Article published on the 2009-10-08 Latest update 2009-10-08 16:24 TU
As calls for him to quit or be fired increase, Mitterrand is to try and answer the controversy on prime time televison news Thursday evening.
The controversy centres on his book, La Mauvaise Vie (The Bad Life), which is described by his publishers as an “autobiographical novel” and appeared four years ago.
On holiday in Thailand, Mitterrand's hero says that he has started "paying for boys" and describes evenings with “Adonis-like” men without specifically saying they were under age.
"Such a spectacle can only be considered abominable from a moral point of view," he writes. "But it pleases me beyond all reason."
Mitterrand, who is the nephew of former President François Mitterrand, is openly gay.
The far-right Front National (FN) launched a campaign to oust the minister on Monday, when its deputy leader Marine Le Pen brandished the book during a television talk show.

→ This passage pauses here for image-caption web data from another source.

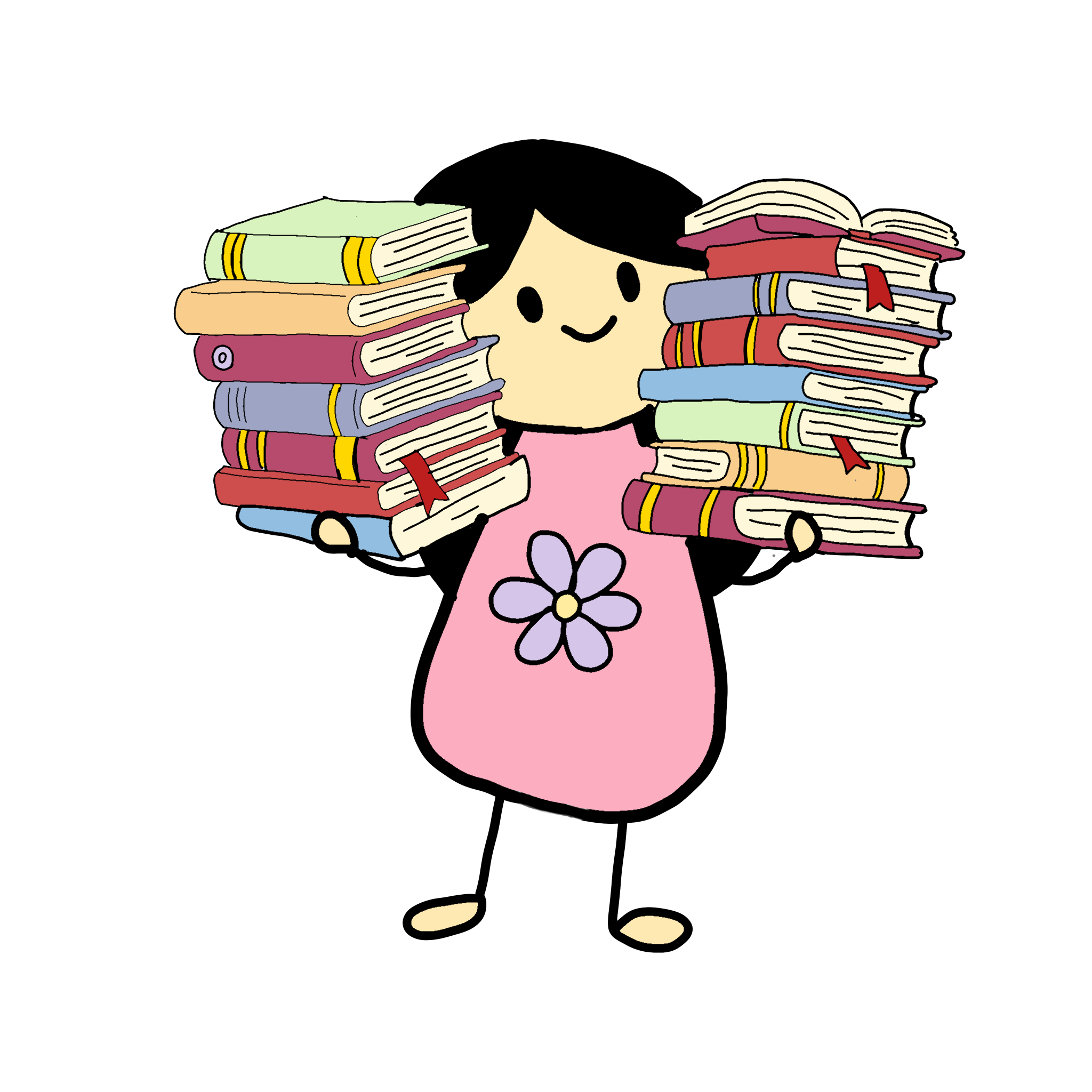Kill the Cramps character holding stacks of research books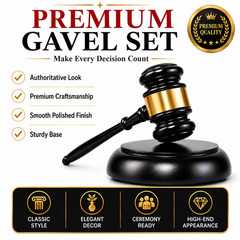 Wooden Auction Gavel Set with Sound Block Base Black Gold Ceremony Office Decor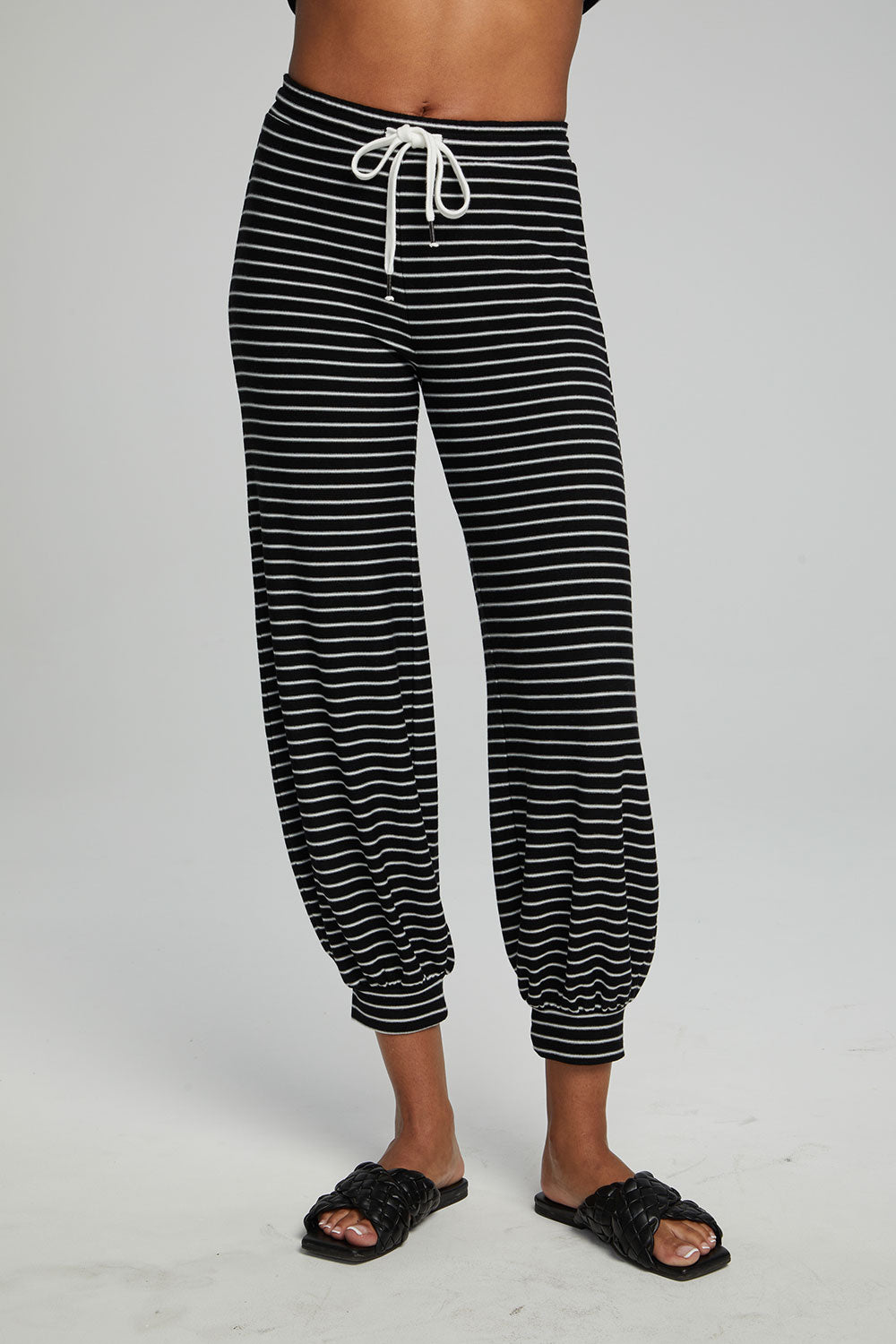 Weekend Joggers - Black and White Stripe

“He describes in detail the manner in which he conducts sexual tourism and the pleasure he has in paying little Thai boys while being aware of the perversity of this system,” she said, calling on Mitterrand to resign.
President Nicolas Sarkozy's special advisor Henri Guaino has said Mitterrand should not have to step down from a position he only took up in June.

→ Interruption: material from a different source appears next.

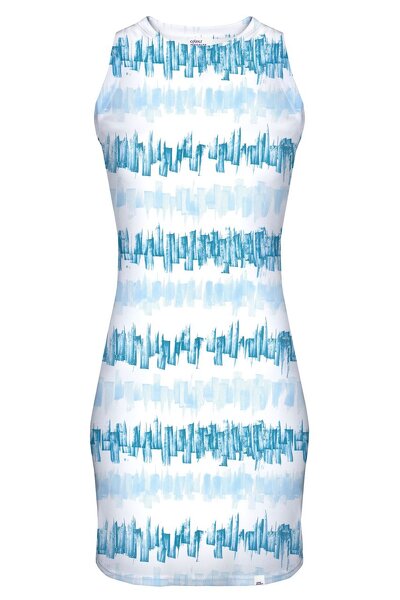 Błękitno-biała sukienka mini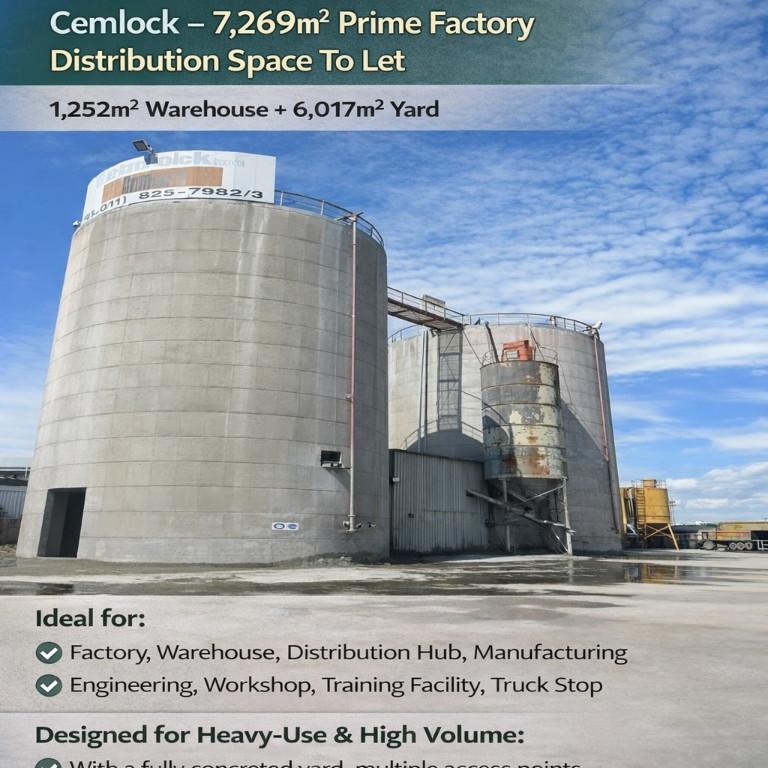 Cemlock – 7269m² Prime Factory Distribution Space To Let in Johannesburg - Image 1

"There are no facts, there is just a book," he said.
Sarkozy has yet to comment on the latest row but in an interview with the Nouvel Observateur magazine this summer he called the book "brave and talented".
But Labour Minister Xavier Darcos on Thursday called on Mitterrand to answer his critics and opposition politicians are demanding his resignation.

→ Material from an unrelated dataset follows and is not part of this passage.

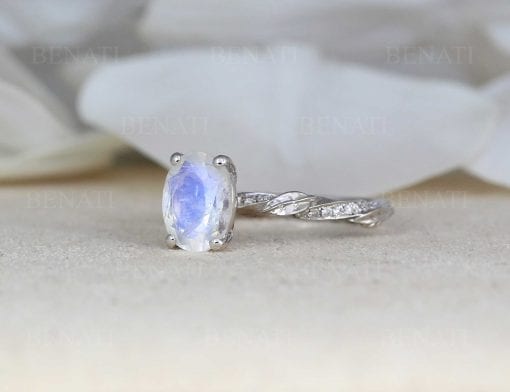 Unique Oval Moonstone Engagement Ring, Solid 14k 18k Gold Antique Style Ring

“No one is tackling Frédéric Mitterand on legal grounds, he is being reproached for his personal behaviour, his moral behaviour. He must answer that. I think he should respond otherwise just simply through indignation,” said Darcos.
Socialist Party spokesperson Benoit Hammon on Wednesday evening declared that it was “unjustifiable and unacceptable” for a minister to have engaged in sexual tourism.
"As a minister of culture he has drawn attention to himself by defending a film maker accused of raping a child and he has written a book where he said he took advantage of sexual tourism. To say the least, I find it shocking," Hamon told Reuters news agency.
The scandal blew up in the aftermath of the arrest last month of Polish film-maker Roman Polanski in Switzerland.
Mitterrand called on the US to drop extradition proceedings over Polanski’s alleged abuse of an underage girl over 30 years ago and that seems to have prompted the FN's attacks.
"He’s got to go," said Marine le Pen at a demonstration on Thursday. “And perhaps [Foreign Affairs Minister] Mr [Bernard] Kouchner and [North Korea envoy] Mr [Jack] Lang should also go with him. They also immediately defended Mr Polanski, which means that they haven’t turned the page on the worst years and the worst tendencies of 1968 when they signed petitions for the decriminilisation of sex with minors.”
The 62-year-old Mitterand has so far dismissed the attacks.
“If the National Front drags me through the mud then it is an honour for me,” he said. “If a left-wing politician drags me through the mud then it is a humiliation for him.”